Brioche is rich in flavour and is almost cake-like in texture and taste. I prefer using fresh yeast to make brioche, but active dried yeast will work just as well, if you prefer to use this (I have included both options in my recipe below).

As this recipe is made from an enriched dough containing butter, egg yolks and milk, it’s best eaten on the day it’s made, but it is also suitable for freezing (see Cook’s Notes).
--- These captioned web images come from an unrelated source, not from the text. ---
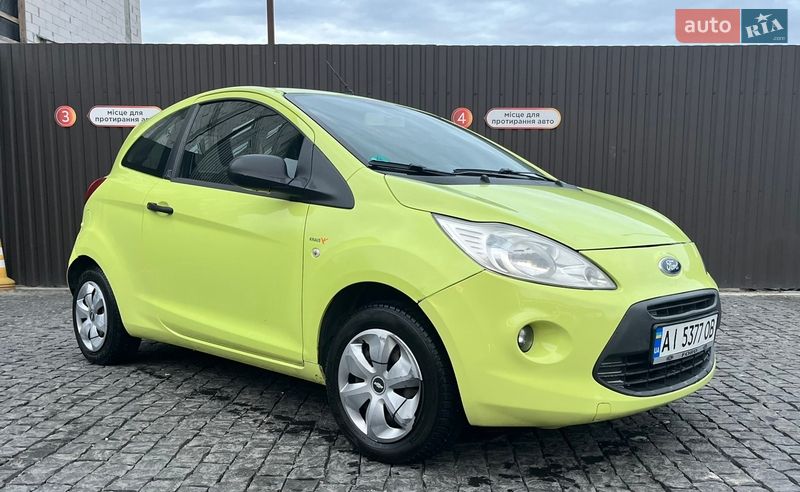 Хэтчбек Ford KA 2012 в Софиевской Борщаговке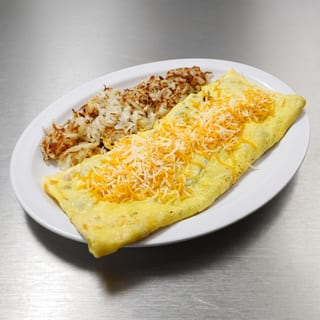 Hen House Omelet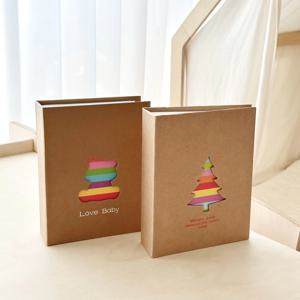 4x6 사진첩 레인보우 포토앨범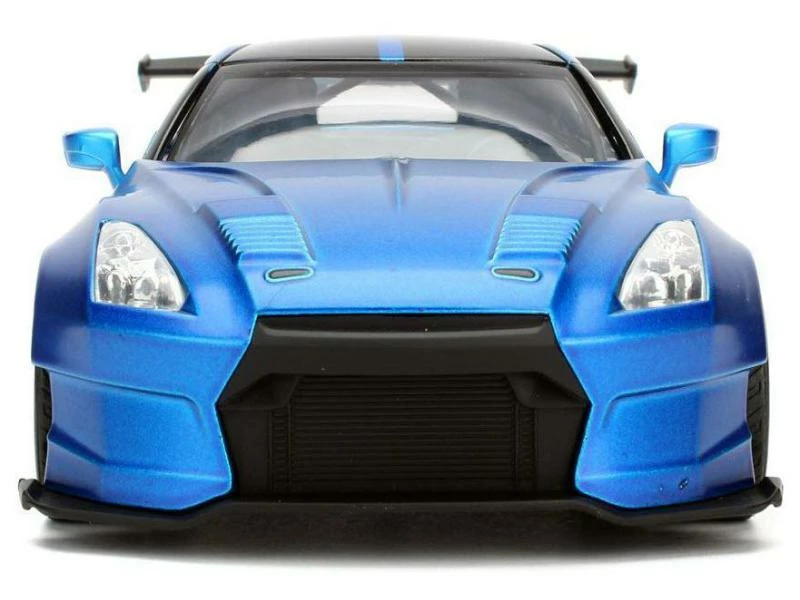 Jada Toys Fast & Furious Nissan Ben Sopra 2009 1:24 5 Jada Toys Fast & Furious Nissan Ben Sopra 2009 1:24 – Bild 3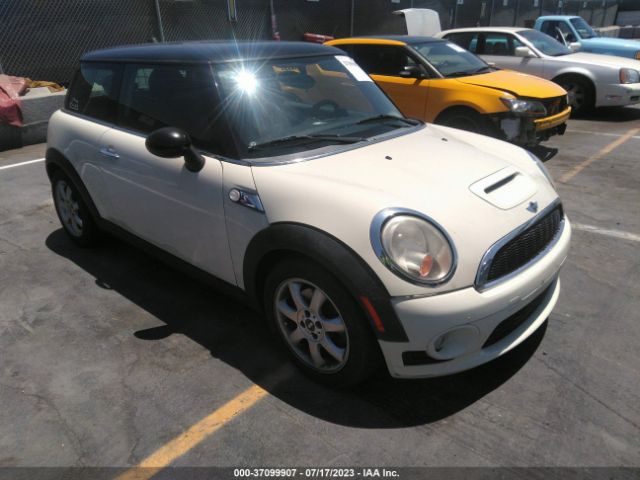 2010 MINI COOPER HARDTOP WMWMF7C58ATZ73446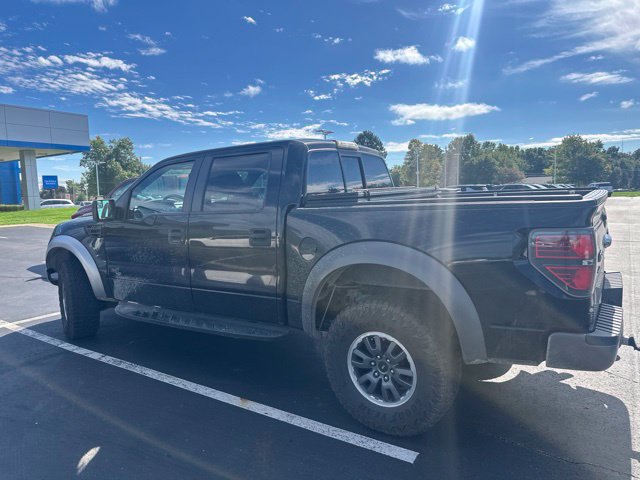 Used 2011 Ford F150 Raptor w/ Raptor Luxury Pkg AWD/4WD image 4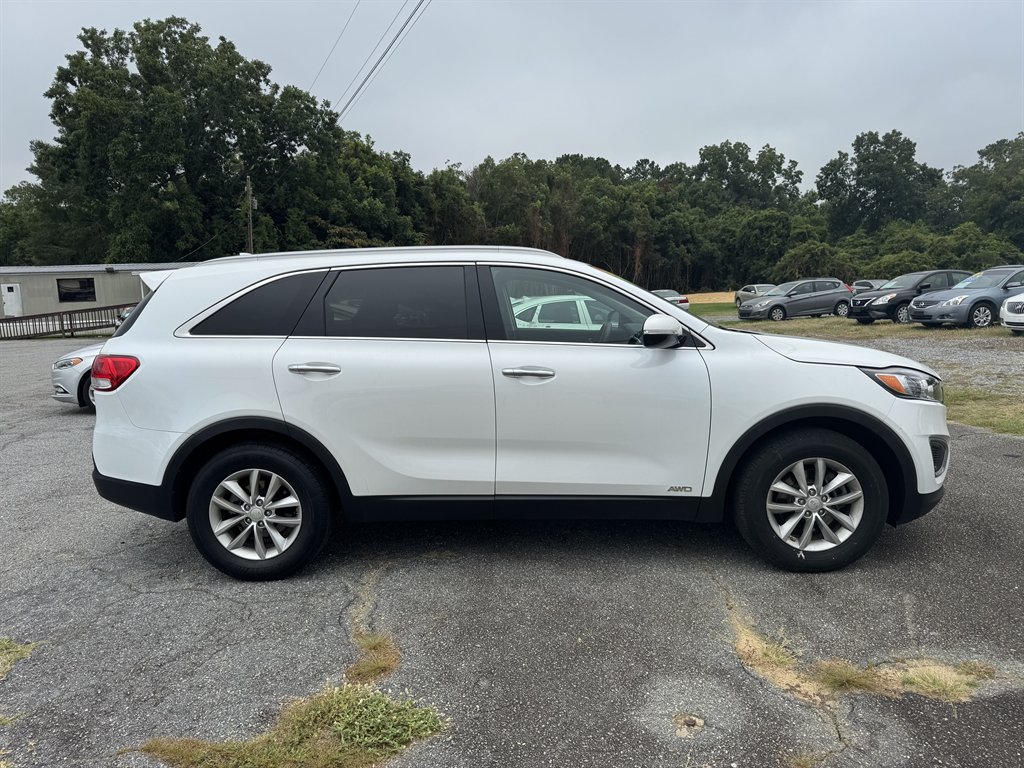 2018 Kia Sorento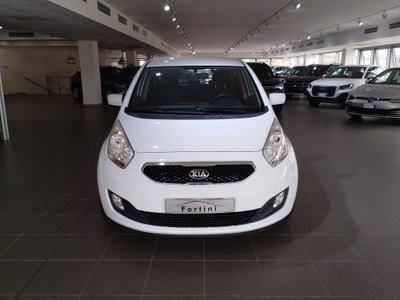 Kia Venga 1.4 CRDi 90CV Active (2)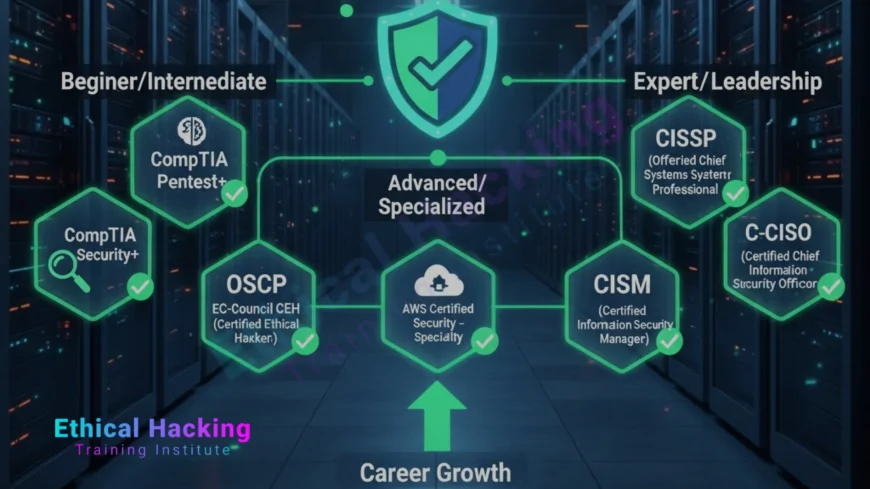 What Are the Best Ethical Hacking Certifications for 2025?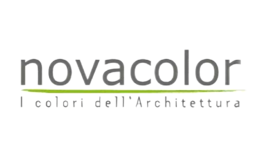 Novacolor诺瓦艺术漆品牌logo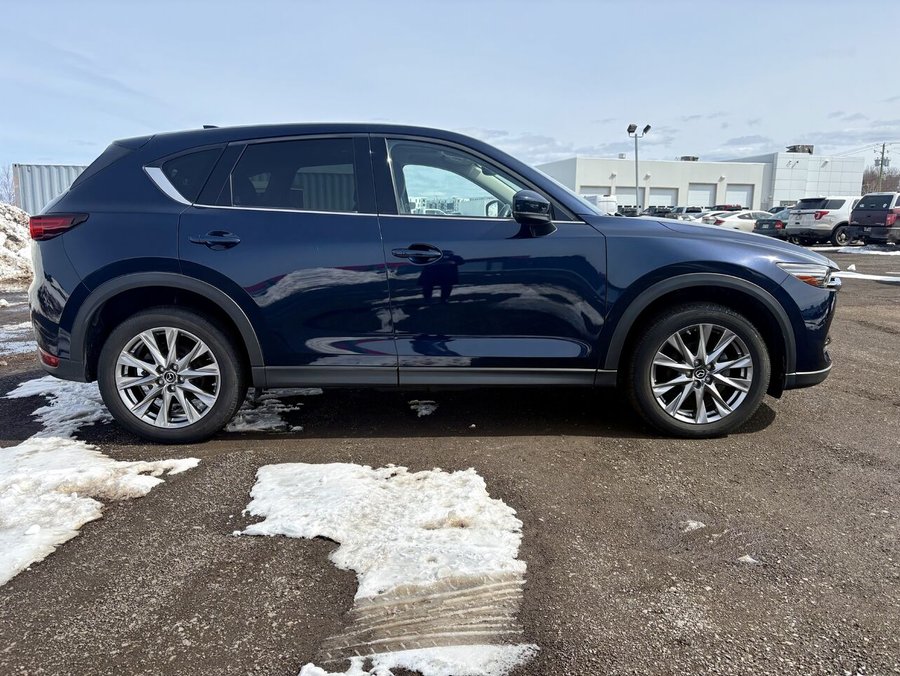 MAZDA CX-5 GT GT TI BA 2020 Bleu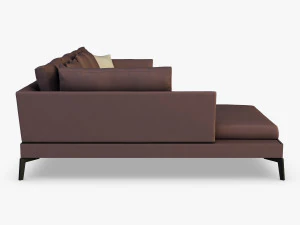 diva sofa 3D Model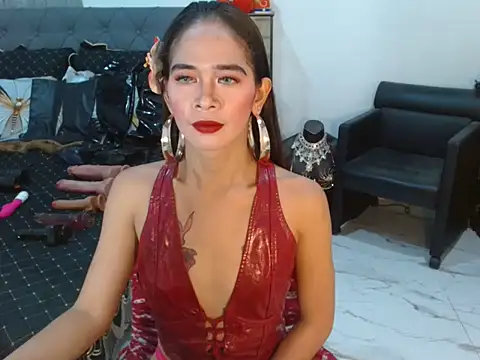 SexyHeart Escodero online show from March 24, 5:18 pm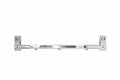 Bumper Impact Absorber Bracket for BMW Mini (2001–2006) 51117301605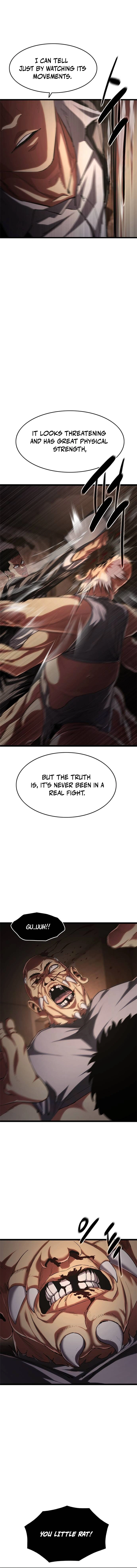 Read The Demon in Human Form EN Manga Online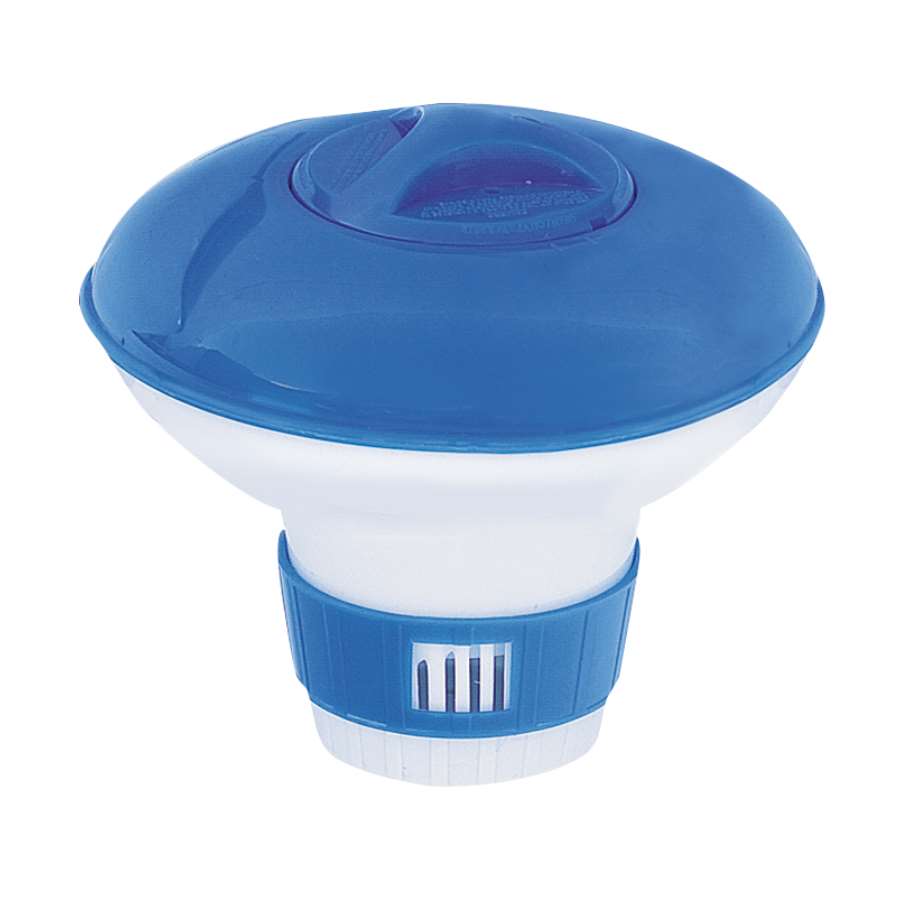 Imagen principal del productoDOSIFICADOR SE FLOTANTE CLORO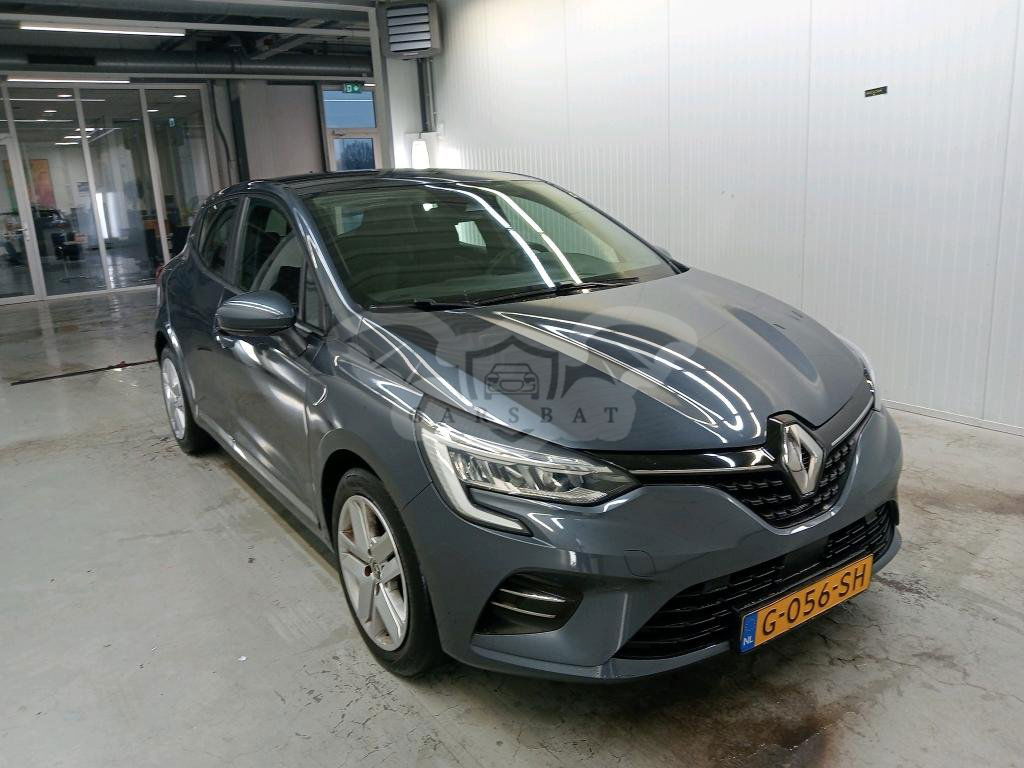 Renault Clio 1.0 Tce Zen 2019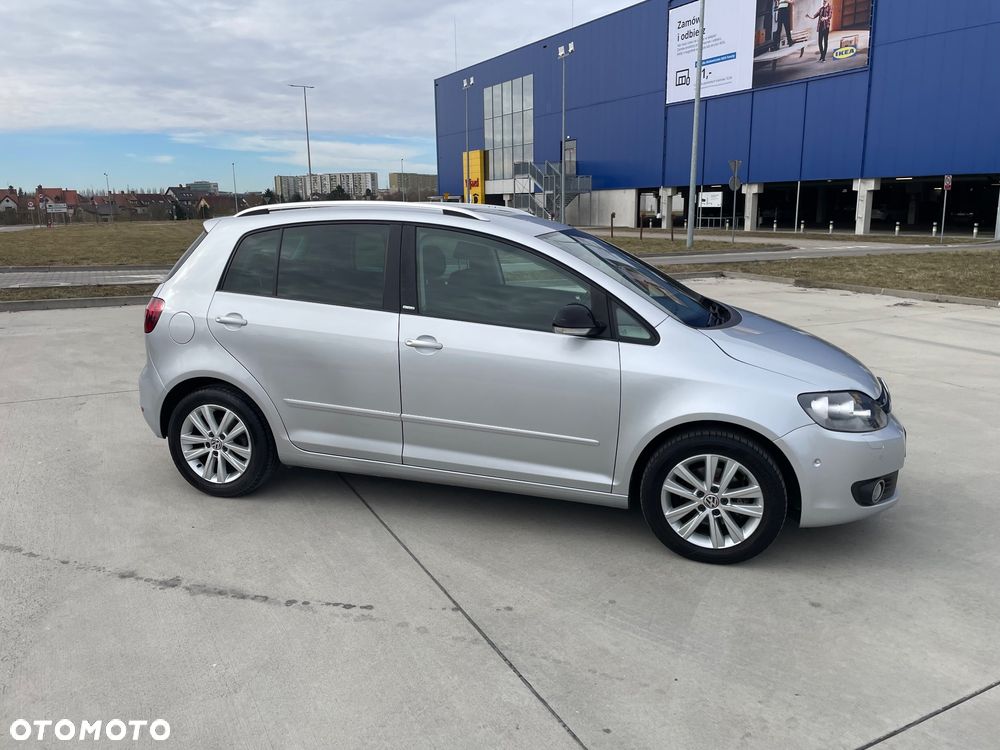 Volkswagen Golf Plus 1.2 TSI Style - 7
If you do have any left over and the next day you find that the loaf has become slightly stale, I suggest you turn it into a brioche and butter pudding (a delicious twist on a traditional bread and butter pudding), or simply toast slices for breakfast or lunch.

photo of brioche

Ingredients & Method

  • 200ml milk
  • 30g fresh yeast or 14g dried active yeast (don't use fast-action dried yeast)
  • 500g strong white bread flour, plus extra for dusting
  • 1 teaspoon table salt
  • 80g caster sugar
  • 5 large egg yolks
  • 60g softened unsalted butter, cut into small pieces, plus extra for greasing

Warm the milk in a small saucepan until it reaches 37°C (blood temperature), then remove from the heat, add the yeast and stir or whisk until dissolved. Cover with cling film and leave to stand for about 10 minutes, until a light frothy foam forms on the surface.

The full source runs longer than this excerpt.